Starting at the line with "塑料粉碎机源头厂家本地报价更优惠" and going on through the line with "Single-Layer Waterproof Jacket", reproduce each line in the records below exactly and nothing more.

*** Task input

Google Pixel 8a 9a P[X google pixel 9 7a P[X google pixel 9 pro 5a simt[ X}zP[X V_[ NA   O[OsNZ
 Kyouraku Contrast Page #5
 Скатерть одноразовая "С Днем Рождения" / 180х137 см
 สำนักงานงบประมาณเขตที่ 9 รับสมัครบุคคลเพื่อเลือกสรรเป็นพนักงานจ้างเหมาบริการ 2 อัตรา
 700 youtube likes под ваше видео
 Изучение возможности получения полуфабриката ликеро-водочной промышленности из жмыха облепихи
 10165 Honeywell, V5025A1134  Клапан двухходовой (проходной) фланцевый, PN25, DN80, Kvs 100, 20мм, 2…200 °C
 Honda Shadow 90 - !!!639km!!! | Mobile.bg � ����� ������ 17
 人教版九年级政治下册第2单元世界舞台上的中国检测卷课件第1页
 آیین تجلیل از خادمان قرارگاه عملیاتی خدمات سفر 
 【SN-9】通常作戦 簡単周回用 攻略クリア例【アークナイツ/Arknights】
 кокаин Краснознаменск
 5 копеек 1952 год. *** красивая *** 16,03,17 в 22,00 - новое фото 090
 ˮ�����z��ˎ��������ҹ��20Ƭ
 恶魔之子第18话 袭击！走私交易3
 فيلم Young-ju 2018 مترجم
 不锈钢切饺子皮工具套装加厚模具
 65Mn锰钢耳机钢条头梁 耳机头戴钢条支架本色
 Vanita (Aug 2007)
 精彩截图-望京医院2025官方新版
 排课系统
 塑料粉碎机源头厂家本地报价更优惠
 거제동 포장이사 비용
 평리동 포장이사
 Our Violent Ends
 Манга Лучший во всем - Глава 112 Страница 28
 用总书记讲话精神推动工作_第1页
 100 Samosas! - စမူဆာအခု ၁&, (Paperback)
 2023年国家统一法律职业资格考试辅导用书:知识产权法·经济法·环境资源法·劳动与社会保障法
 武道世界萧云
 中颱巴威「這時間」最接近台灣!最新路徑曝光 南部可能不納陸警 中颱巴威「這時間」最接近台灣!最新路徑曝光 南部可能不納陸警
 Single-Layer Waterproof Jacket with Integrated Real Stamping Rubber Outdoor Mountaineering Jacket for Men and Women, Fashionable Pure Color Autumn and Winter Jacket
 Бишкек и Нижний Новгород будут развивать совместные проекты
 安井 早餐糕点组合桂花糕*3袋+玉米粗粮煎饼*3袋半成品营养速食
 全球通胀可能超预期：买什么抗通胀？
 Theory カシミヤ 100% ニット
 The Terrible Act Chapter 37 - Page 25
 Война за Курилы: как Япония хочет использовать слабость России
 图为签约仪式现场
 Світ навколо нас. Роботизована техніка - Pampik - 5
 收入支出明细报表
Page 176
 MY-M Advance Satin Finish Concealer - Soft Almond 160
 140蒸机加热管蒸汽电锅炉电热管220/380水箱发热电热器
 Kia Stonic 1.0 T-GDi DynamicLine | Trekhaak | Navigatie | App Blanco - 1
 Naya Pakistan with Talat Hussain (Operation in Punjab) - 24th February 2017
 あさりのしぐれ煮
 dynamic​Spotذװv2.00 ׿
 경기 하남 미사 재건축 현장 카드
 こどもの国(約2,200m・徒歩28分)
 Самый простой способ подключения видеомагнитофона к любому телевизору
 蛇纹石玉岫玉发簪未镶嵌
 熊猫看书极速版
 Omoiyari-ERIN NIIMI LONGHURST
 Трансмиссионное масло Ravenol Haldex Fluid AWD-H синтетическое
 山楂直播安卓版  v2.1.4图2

******

◆ Task answer
 塑料粉碎机源头厂家本地报价更优惠
 거제동 포장이사 비용
 평리동 포장이사
 Our Violent Ends
 Манга Лучший во всем - Глава 112 Страница 28
 用总书记讲话精神推动工作_第1页
 100 Samosas! - စမူဆာအခု ၁&, (Paperback)
 2023年国家统一法律职业资格考试辅导用书:知识产权法·经济法·环境资源法·劳动与社会保障法
 武道世界萧云
 中颱巴威「這時間」最接近台灣!最新路徑曝光 南部可能不納陸警 中颱巴威「這時間」最接近台灣!最新路徑曝光 南部可能不納陸警
 Single-Layer Waterproof Jacket with Integrated Real Stamping Rubber Outdoor Mountaineering Jacket for Men and Women, Fashionable Pure Color Autumn and Winter Jacket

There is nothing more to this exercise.